In Chapter 2, we consider the problem of finding a set of feasible or near-feasible systems among a finite number of simulated systems in the presence of subjective stochastic constraints. A decision maker may want to test multiple constraint threshold values for the feasibility check, or she may want to determine how a set of feasible systems changes as constraints become more strict with the objective of pruning systems or finding the system with the best performance. We present indifference-zone procedures that recycle observations for the feasibility check and provide an overall probability of correct decision for all threshold values. Our numerical experiments show that the proposed procedures perform well in reducing the required number of observations relative to four alternative procedures (that either restart feasibility check from scratch with respect to each set of thresholds or with the Bonferroni inequality applied in a conservative way) while providing a statistical guarantee on the probability of correct decision.

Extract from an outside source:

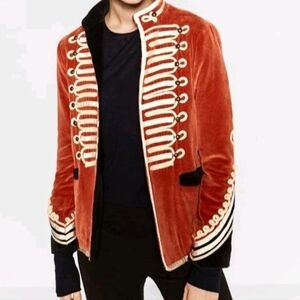 Zara Woman Velvet Military Jacket S Orange Spice NEW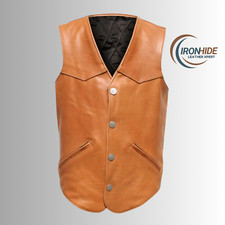 Gilet uomo marrone vera pelle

Chapter 3 considers the problem of finding a system with the best primary performance measure among a finite number of simulated systems in the presence of subjective stochastic constraints on secondary performance measures. When no feasible system exists, the decision maker may be willing to relax some constraint thresholds. We take multiple threshold values for each constraint as a user’s input and propose indifference-zone procedures that perform the phases of feasibility check and selection-of-the-best sequentially or simultaneously. We prove that the proposed procedures yield the best system in the most desirable feasible region possible with at least a pre-specified probability. Our experimental results show that our procedures perform well with respect to the number of observations required to make a decision, as compared with straightforward procedures that repeatedly solve the problem for each set of constraint thresholds.
In Chapter 4, we consider the problem of finding a portfolio of systems with the best primary performance measure among finitely many simulated systems as stochastic constraints on secondary performance measures are relaxed. By finding a portfolio of the best systems under a variety of constraint thresholds, the decision maker can identify a robust solution with respect to constraints or consider the trade-off between the primary performance measure and the level of feasibility of the secondary performance measures. We propose indifference-zone procedures that perform the phases of feasibility check and selection-of-the-best sequentially and simultaneously. Our proposed procedures show a significant reduction in the required number of observations to achieve the decision compared with applying straightforward procedures repeatedly with respect to each set of constraint thresholds.